─── TASK INPUT ───
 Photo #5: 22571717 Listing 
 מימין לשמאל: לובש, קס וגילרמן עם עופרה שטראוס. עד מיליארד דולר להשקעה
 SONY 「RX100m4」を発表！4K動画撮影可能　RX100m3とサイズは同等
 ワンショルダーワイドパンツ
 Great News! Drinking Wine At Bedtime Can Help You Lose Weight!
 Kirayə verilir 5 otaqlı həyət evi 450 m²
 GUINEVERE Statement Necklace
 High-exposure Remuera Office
───
─── TASK INPUT ───
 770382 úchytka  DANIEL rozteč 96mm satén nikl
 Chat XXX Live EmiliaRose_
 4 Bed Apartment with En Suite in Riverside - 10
───
Among the lines above, repeat exactly those from the line with "Photo #5: 22571717 Listing" to the line with "High-exposure Remuera Office", counting both ends.

 Photo #5: 22571717 Listing 
 מימין לשמאל: לובש, קס וגילרמן עם עופרה שטראוס. עד מיליארד דולר להשקעה
 SONY 「RX100m4」を発表！4K動画撮影可能　RX100m3とサイズは同等
 ワンショルダーワイドパンツ
 Great News! Drinking Wine At Bedtime Can Help You Lose Weight!
 Kirayə verilir 5 otaqlı həyət evi 450 m²
 GUINEVERE Statement Necklace
 High-exposure Remuera Office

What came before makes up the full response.